Nothing should appear in the answer except the lines from the one with "til Elektrisk Cykel-Perfet" through the end of the listing below, transcribed exactly and without pictures.

Segment Start: The input

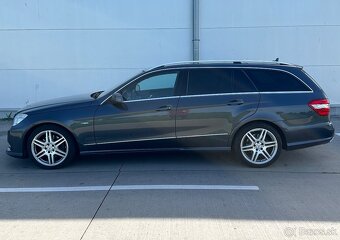 Mercedes-Benz E trieda 220 CDI AMG Packet, Avantgarde A/T - 6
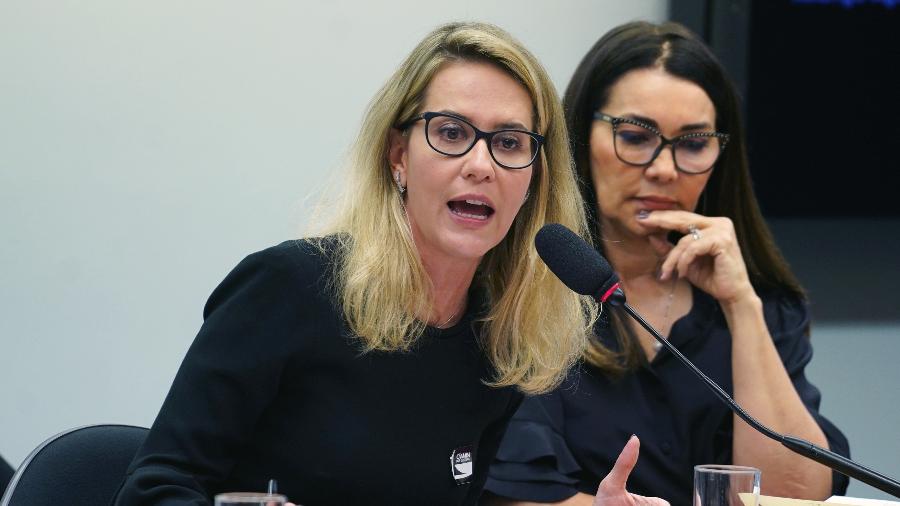 17.abr.2019 - A ministra Maria Claudia Bucchianeri Pinheiro - Pablo Valadares/Câmara dos Deputados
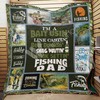 You Have Got Me Hooked Fishing Quilt Bedding Set - For The Most Beautiful Souls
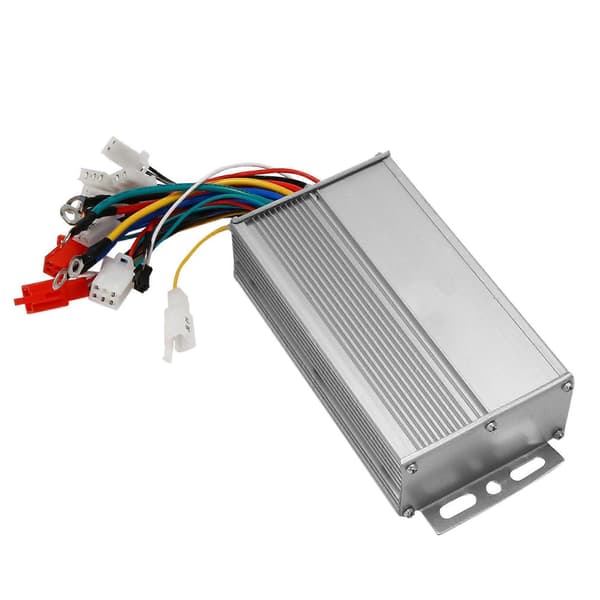 【13】48V 500W Børsteløs Controller, Aluminiumlegering E-Bike Børsteløs Motor Controller til Elektrisk Cykel-Perfet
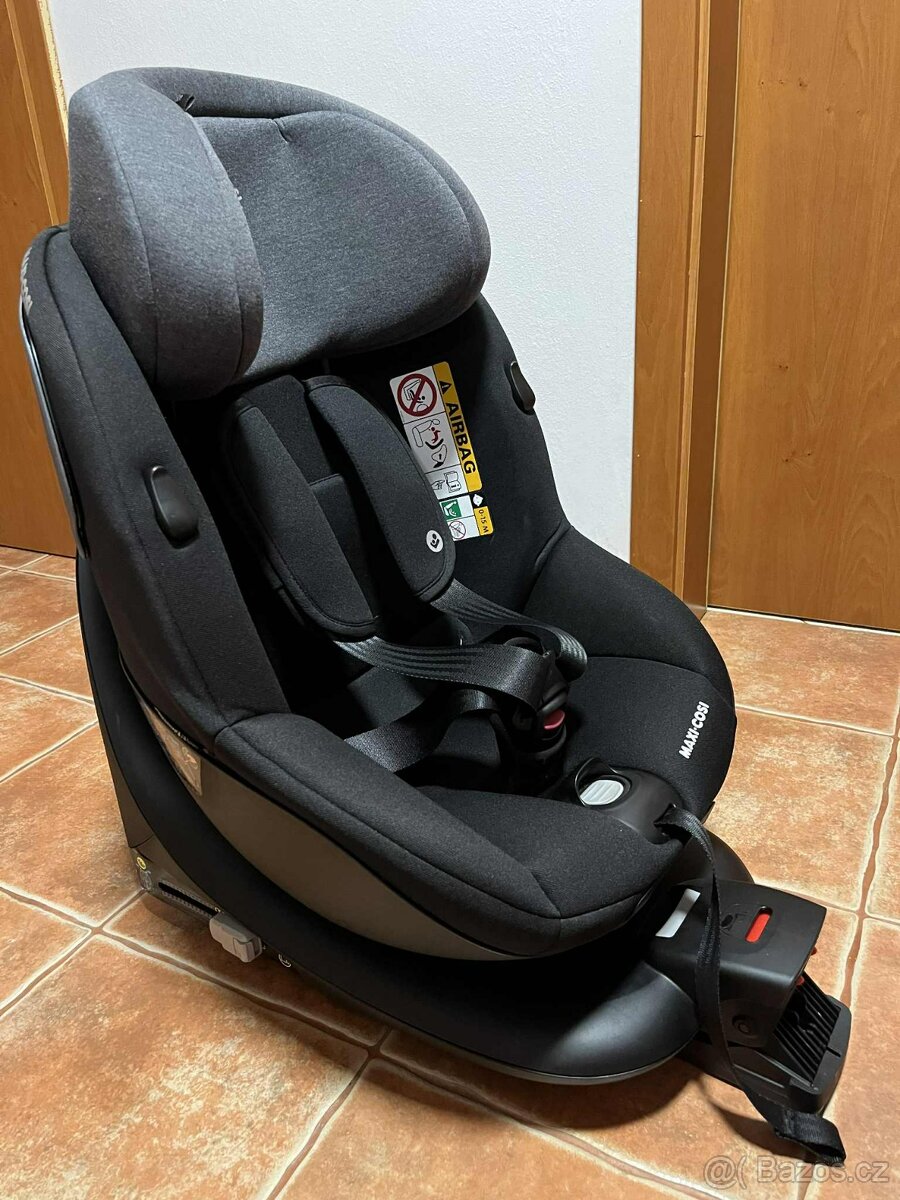 Maxi-Cosi Mica Eco i-Size 2023 Authentic Black, nová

Segment End: The input

Solution to the problem -
 【13】48V 500W Børsteløs Controller, Aluminiumlegering E-Bike Børsteløs Motor Controller til Elektrisk Cykel-Perfet
 Maxi-Cosi Mica Eco i-Size 2023 Authentic Black, nová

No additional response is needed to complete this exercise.